Shoppers raided IKEA at night because their homes lacked the freshness of Scandinavian forests. With their rusted broken bedsprings and wallpaper oozing emerald slime, they really were a bunch of deadbeats.
IKEA offered the calm of morphine dreams with its sci-fi kitchenware and indulgent frozen food.
But no one expected to find a corpse one night, lying prostrate on a foldout sofa, a strobe light illuminating his pallid skin.
And nobody recognised him—which was perhaps the saddest part. He must have died while midnight raiders sat on mauve rugs reading IKEA catalogues, planning to live better lives with better bowls.
Or maybe he perished as students lobbed meatballs in the food hall and chased each other with lampshades through the warehouse by the potted plants.
But when the corpse was discovered the parties in the Swedish superstore ended. Everything was tainted.
A sage looking man with thick strands of greying hair and black puffy eyes discovered the body under a sky-blue duvet—the dead man’s gaunt face buried in a memory foam pillow.
The greying man said a prayer then gathered everyone around to pay their last respects—from the parents wearing tacky white sneakers, drinking Merlot on beanbags, to the gangsters playing cards in the farmhouse style living room.
The midnight raiders that had played in the superstore like it was a Tolkien fantasyland discovered it had a shelf life. Even babies kicking in their mother’s stomach saw the writing on the wall.
The raiders gathered around the body, heaved sighs, shuddered with grief, yet they all kept their distance, some averting their gaze—it was too much to bear. But then with a sadistic fury they chanted war cries like international rugby players.
Bipolar children who clowned about by the glowing fish tanks smashed headboards for kindling and tore sheets into strips, creating a pyre for the corpse.
Someone lit a match and a fire soon tore through every IKEA department, forcing the raiders down labyrinthine hallways to the exit by the checkout counters. Everyone scattered into the carpark under the clear night sky, as the building cracked and spat, aching under its own weight. That night the north London branch of IKEA was burned down.

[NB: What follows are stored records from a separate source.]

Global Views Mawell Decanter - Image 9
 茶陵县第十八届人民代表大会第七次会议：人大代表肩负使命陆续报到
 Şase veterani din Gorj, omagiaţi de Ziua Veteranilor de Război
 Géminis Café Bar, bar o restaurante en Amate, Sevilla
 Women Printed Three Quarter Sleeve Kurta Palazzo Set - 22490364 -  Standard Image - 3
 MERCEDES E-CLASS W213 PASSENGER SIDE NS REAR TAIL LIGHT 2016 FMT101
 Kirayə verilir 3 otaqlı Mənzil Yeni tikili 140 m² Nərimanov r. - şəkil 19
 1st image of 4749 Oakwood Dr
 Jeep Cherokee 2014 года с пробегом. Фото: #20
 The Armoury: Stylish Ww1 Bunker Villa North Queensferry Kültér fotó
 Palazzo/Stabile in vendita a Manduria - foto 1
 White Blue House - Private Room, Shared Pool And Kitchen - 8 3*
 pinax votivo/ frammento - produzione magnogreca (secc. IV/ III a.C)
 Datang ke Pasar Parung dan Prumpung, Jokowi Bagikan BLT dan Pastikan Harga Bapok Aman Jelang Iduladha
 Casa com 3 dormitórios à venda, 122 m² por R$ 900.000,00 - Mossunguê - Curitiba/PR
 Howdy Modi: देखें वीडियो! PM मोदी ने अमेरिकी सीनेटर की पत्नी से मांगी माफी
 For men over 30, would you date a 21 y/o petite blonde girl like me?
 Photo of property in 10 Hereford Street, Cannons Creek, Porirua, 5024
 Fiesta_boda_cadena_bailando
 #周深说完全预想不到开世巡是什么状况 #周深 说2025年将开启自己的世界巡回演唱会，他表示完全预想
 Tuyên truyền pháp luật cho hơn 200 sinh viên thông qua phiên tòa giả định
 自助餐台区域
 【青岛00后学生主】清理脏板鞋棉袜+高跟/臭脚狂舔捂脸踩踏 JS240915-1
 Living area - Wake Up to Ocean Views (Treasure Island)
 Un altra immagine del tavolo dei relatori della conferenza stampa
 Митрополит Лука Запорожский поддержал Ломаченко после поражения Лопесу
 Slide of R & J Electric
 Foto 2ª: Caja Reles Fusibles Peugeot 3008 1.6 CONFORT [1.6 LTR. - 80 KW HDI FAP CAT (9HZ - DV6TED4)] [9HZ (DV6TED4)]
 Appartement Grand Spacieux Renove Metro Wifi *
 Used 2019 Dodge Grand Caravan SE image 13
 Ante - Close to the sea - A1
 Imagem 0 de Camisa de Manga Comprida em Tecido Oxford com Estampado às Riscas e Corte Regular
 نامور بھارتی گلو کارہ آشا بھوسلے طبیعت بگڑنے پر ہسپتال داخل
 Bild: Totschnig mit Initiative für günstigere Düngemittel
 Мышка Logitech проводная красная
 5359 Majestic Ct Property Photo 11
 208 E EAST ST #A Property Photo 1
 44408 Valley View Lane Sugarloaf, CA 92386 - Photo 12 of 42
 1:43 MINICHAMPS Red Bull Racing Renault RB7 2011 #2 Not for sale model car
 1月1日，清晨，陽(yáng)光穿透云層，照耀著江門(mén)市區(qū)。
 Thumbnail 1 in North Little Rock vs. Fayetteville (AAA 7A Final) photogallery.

Days passed and the raiders had to face returning to their rotten lives—eating oven ready meals slopped onto paper plates and warm beer served in plastic cups. Everyone yearned for the store’s wide-open space, its vibrant showroom floors and the night games that’d banished their frustrated day dreams. And yet they couldn’t escape the haunting vision of the corpse lying in a reasonably priced bed, flames reflected in his eyes, consumed without a name.